The battle lines in the current political struggle have become starkly clear. Hard-liners in the Communist Party's policy-making Central Committee and the military hierarchy no longer hedge their contempt for democratic political forces or for Gorbachev's ideological trespasses of the past. The hard-liners are in the ascendant, and it shows in the confidence of their public rhetoric.

"Now it is clear to everyone that the perestroika reforms designed in 1985 and begun by the party and the people as a renewal of socialism . . . have failed," said senior Communist Party official Ivan Polozkov at a Central Committee session last week.

Polozkov, who heads the party organization in the Soviet Union's Russian republic and is a member of the top executive body of the Soviet party, said that Gorbachev's emphasis on "common human values" instead of a traditional Marxist class approach to policy had been a gross ideological mistake. The political situation had gotten out of hand, he said; a multi-party system could not be discussed.

If Gorbachev disagreed with the criticism at the Central Committee meeting or had any answer at all, the official press did not report it.

Human-rights activists became skeptical long ago of Gorbachev's reformist motives. Now they see him as a lost cause. "It's tragic," Orlov said. "Gorbachev is part true believer and part captive of the system he was brought up in. His maneuverings are now a cause of instability."

With the hard-liners reasserting their power so forcefully, human-rights activists and democracy advocates find themselves struggling to forge a common language and a structure of opposition.

Many, if not most, of the leading human-rights activists of the Brezhnev era are gone. Andrei Sakharov, who was a bridge between the underground movement of the 1970s and the public opposition movements of the Gorbachev era, died in December 1989. Other former leaders, such as Anatoli Marchenko, Yuli Daniel and Andrei Amalrik, also are dead, and many more have emigrated to Israel, the United States and Western Europe.

Most of the leaders of the current opposition movements are too young to remember the dissident years, or they spent the '60s and '70s in lives of political compromise or -- like Russian leader and populist politician Boris Yeltsin -- as Communist Party apparatchiks.

But while the old dissident movement was largely hidden from the general public, Gorbachev's own reforms allowed the influence, language and demands of human-rights activists to enter Soviet society.

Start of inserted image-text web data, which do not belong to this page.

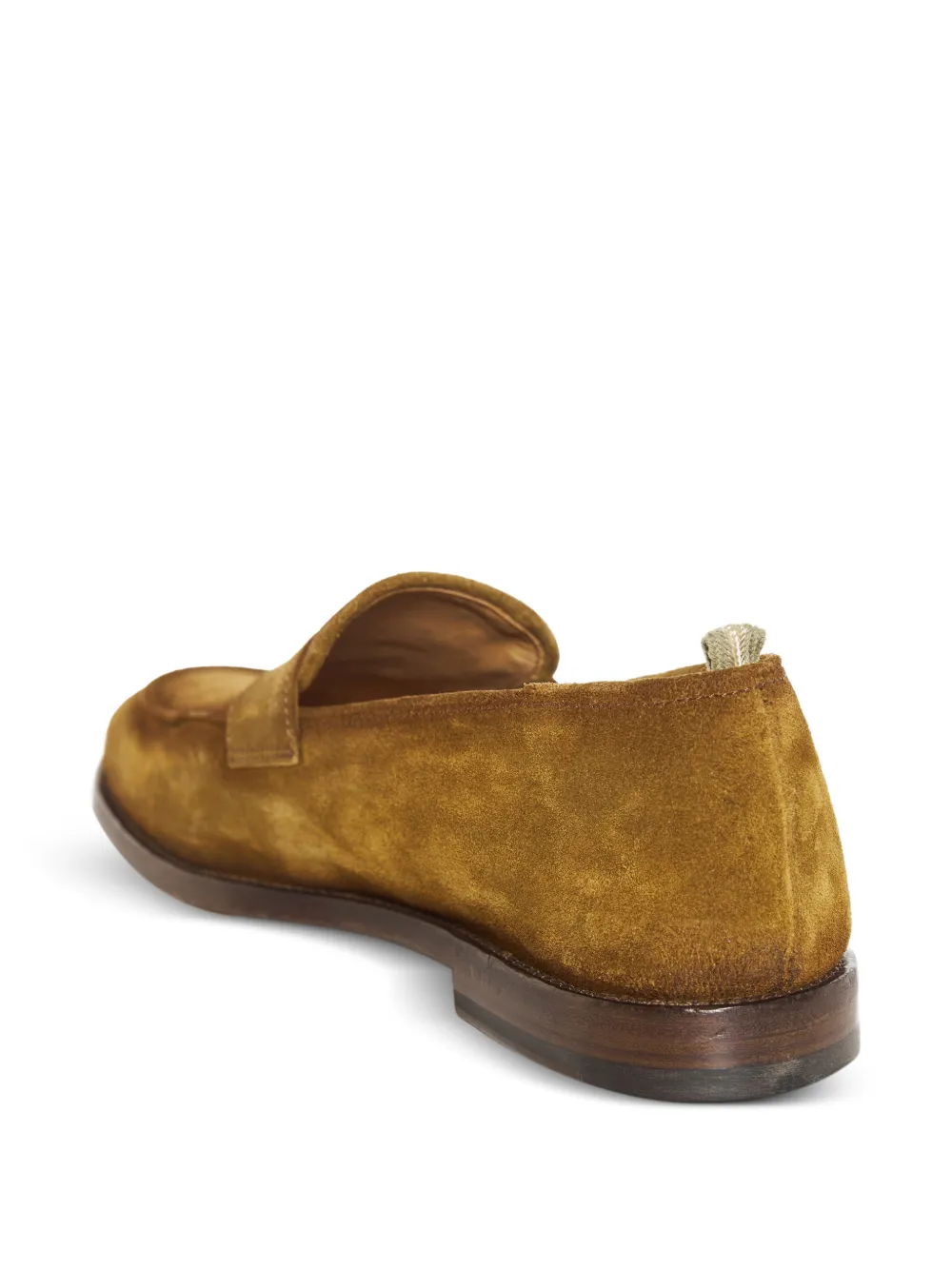 Officine Creative Opera 001 penny-strap loafers Bruin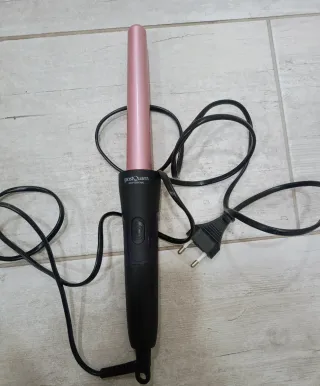 Rizador pelo + plancha viaje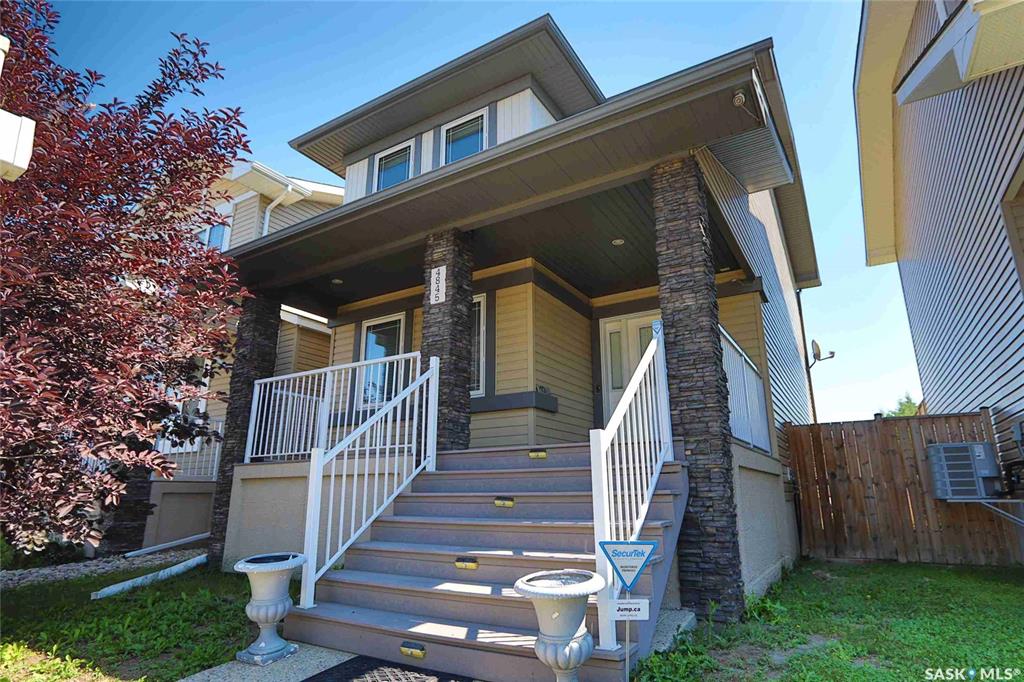 Residential in Regina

"And so the genie is out of the bottle," said Larissa Bogaraz, a heroic figure among dissidents, who was one of a tiny group that dared 23 years ago to unfurl protest banners in Red Square denouncing the Soviet invasion of Czechoslovakia. "This is our real hope -- that no one is capable of turning back history."

Bogaraz said human-rights leaders who have been elected to office -- figures such as Sergei Kovalev in the Russian parliament and Vyacheslav Chernovil and Mikhailo and Bogdan Horyn in the Ukrainian legislature -- would have to "teach their fellow politicians the lessons of opposition and the value of moral force."

"As activists," Bogaraz said, "our job is to heighten people's understanding of rights and also of organization. There was never any history of civil and human rights here, and the Gorbachev era has not changed that to a profound degree."

"A lot of the old dissidents are dead or gone or tired out, but there are enough of us around to help provide a sense of experience," said Yuri Kisilyev, a leader for 20 years of the handicapped-rights movement here. "A sense of human rights has to be the base of any successful opposition movement."

The human-rights veterans, once dismissive of all Communist leaders, past and present, now look to Yeltsin as the force around which an opposition can organize and develop. Orlov, for one, noted that Sakharov helped influence and mold Yeltsin when the two were involved in 1989 in forming the Interregional Group, a radical-reform faction in the Soviet legislature.

"We were all very hesitant about Yeltsin at first, but he has proved capable of change and understanding," said Kovalev, a former political prisoner and now chairman of the Russian parliament's human-rights committee. "Yeltsin and his popular support are going to be vital to any battle for human rights and reform."